Je me suis emparé de l’histoire du musée Curtius
(www.grandcurtiusliege.be) suite
à une commande des éditions Luc Pire. Pour l’écriture du Mystère Curtius, je me suis entouré de gens compétents : le
directeur des musées de la Ville, qui m’a permis d’accéder sans limites aux
salles, les responsables du musée, les guides… Je me suis d’abord informé sur
les secrets de ce lieu extraordinaire et méconnu, j’ai lu énormément aussi.

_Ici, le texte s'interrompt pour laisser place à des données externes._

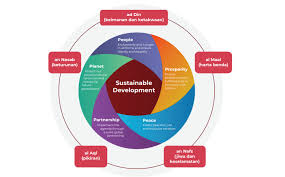 Ada juga yang memahami maqasid sebagai lima prinsip islam yang asas yaitu menjaga agama, jiwa, akal , keturunan dan harta. Keselarasan Antara Perbankan Syariah Dengan Sustainable Development Goals Gustani Id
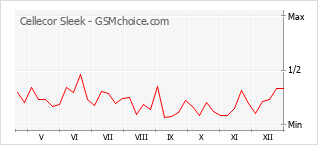 Grafico di modifiche della popolarità del telefono cellulare Cellecor Sleek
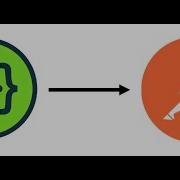 OpenAPI To Postman Collection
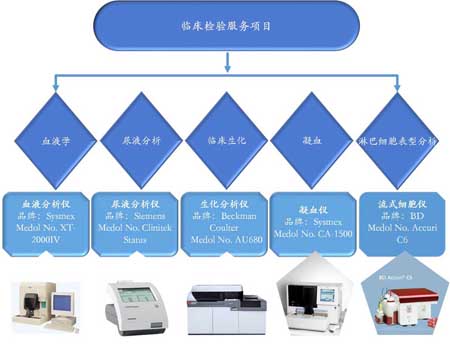 兰科博弈RankBet临床检验服务 兰科博弈RankBet临床检验服务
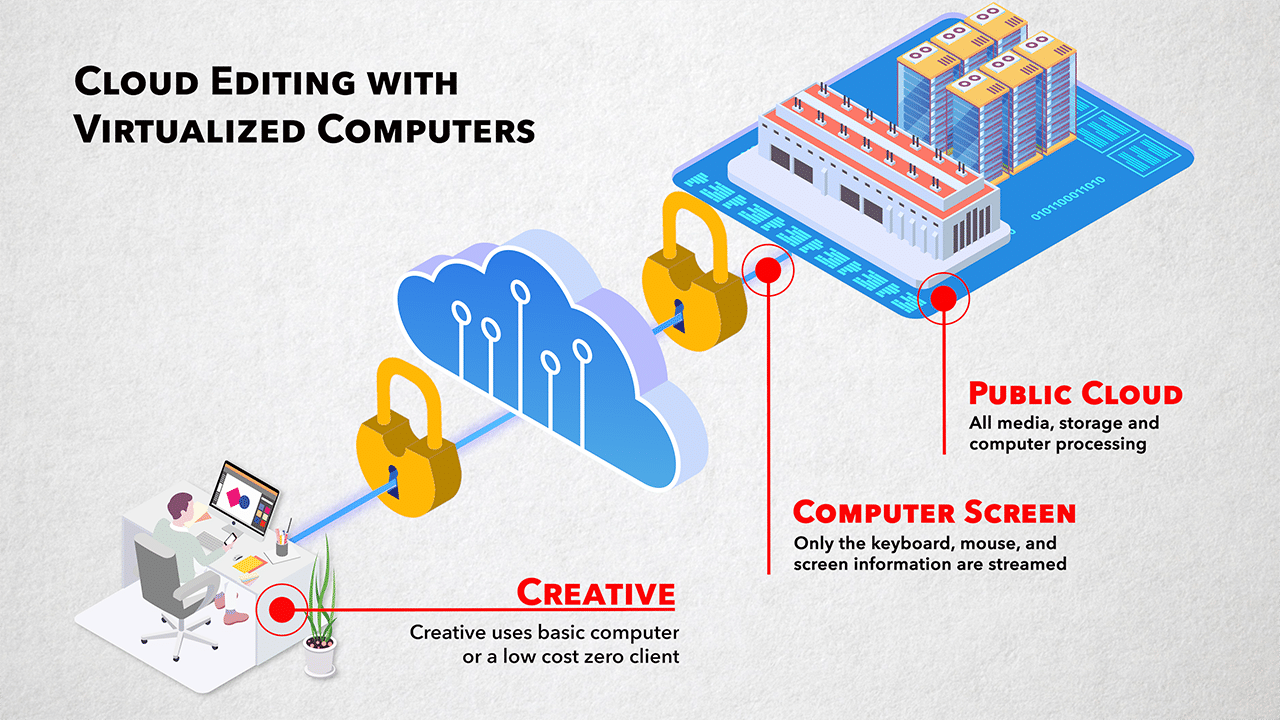 Cloud video processing and editing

Lors de mes recherches, j’ai appris que le bâtiment avait été laissé à
l’abandon à une certaine époque et que des œuvres avaient disparu, ce qui a
suffi à éveiller ma curiosité et à m’inspirer une fiction. J’ai aussi découvert
l’existence, ignorée par beaucoup de Liégeois, du souterrain situé en face du
Curtius, qui servait de réserve de salpêtre à Jean de Corte pour la fabrication
de la poudre à canon. Ensuite je me suis amusé à jouer à « Et si on disait
que… ».
Certaines œuvres continuent de m’accompagner,
comme L’Enfant de Jules Vallès, un
roman magnifique et terriblement moderne pour l’époque. Don Quichotte habite aussi beaucoup mon imaginaire, et dans le
prolongement, un chef d’œuvre intitulé A
la mort de Don Quichotte de l’auteur espagnol Trapiello, qui a imaginé
ce que deviennent tous les personnages de Cervantès après le décès de Don
Quichotte. Yann Apperry est un auteur qui n’est pas assez connu, tout
simplement parce qu’il ne cherche pas à l’être, mais qui est pour moi l’une des
meilleures plumes de la littérature française contemporaine. J’aime également
beaucoup lire les journaux d’écrivains.
En ce moment, pour les besoins de la préparation
d’un prochain roman où j’évoque l’esclavage, je relis notamment Mark Twain, que
l’on ne surnomme pas pour rien le « père de la littérature
américaine ». C’est un auteur de la frontière, ni du Sud ni du Nord, élevé
dans une famille qui possédait des esclaves, et qui un jour s’est rendu compte
de cette aberration.
Plaisir de lire :
Jules Vallès, L’Enfant, 1889
Andrés Trapiello, A la mort de Don
Quichotte, Buchet-Chastel, 2005
Yann Apperry, Farrago,
Grasset, 2003
Jules Renard, Journal,
1887-1910
Mark Twain, Les Aventures de Tom
Sawyer, 1876 et Les Aventures de
Huckleberry Finn, 1884
Résilience(s)
Mon dernier recueil
poétique, La colère est une saison (www.editionstetraslyre.be), est
l’histoire d’une enfance malmenée, d’une grande colère de vie et du chemin de
résilience qui peut survenir. C’est un peu ma réponse au cheminement de ma
grande sœur vers une réconciliation avec l’enfant qu’elle n’a pas pu être.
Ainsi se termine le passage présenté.